Wallick's first memoir "Subtle Implications" encompasses his life's journey, with his family and friends, ceaselessly researching and experiencing the reason for life and finding understanding with the study of physics and metaphysics, through his academic pursuits and independent study.

Understanding the mystery of schizophrenia has been the greatest challenge of Wallick's life and he has explored every avenue of discovery possible, even experiencing hypnotic regression in an attempt to find some answers for an otherwise unjustifiable affliction in lives he and his brother had shared as Vikings.

"This process is called hypnotic regression, and through the induction of a trance state it helps people mentally travel back in their lives to the source of their problem," Wallick said.

The book also touches on his prison experience, following a crime he committed as a student at University of Michigan.
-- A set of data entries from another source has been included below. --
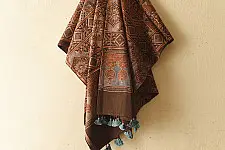 Sakhi . सखी ⁂ Ajrakh Block Printed Pure Cotton Dupatta  (37)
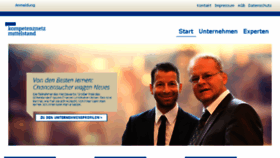 What Kompetenznetz-mittelstand.de website looked like in 2016 (8 years ago)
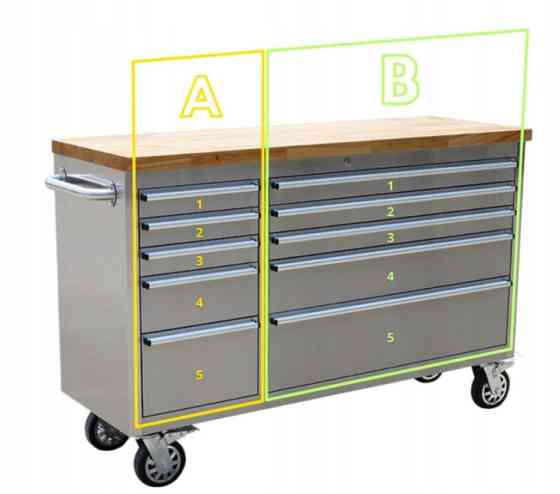 Тележка для инструмента 10 секций TORIN TBR5610-S Харків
"Prison is a self-perpetuating phenomenon where we as a society punish those whose life experience has by the nature of its context led them to behave in ways that leads them there," Wallick said.

"Subtle Implications"
By: Robert A. Wallick
ISBN: 978-1-4918-0672-2
Retail price $23.95
Available in paperback, hardcover and e-book.

About the author
Robert A. Wallick resides in Harbor Springs, Michigan where he is a high school pole vault coach and has always been an outdoor person. He enjoys studying and researching philosophical/metaphysical thought and remains dedicated to the pursuit of spiritual truth. Wallick retired from general contracting when the recession caused a severe lack of work and because of a progressing case of rheumatoid arthritis. His academic career includes study at Northwestern Michigan College, Michigan Technological University and the University of Michigan.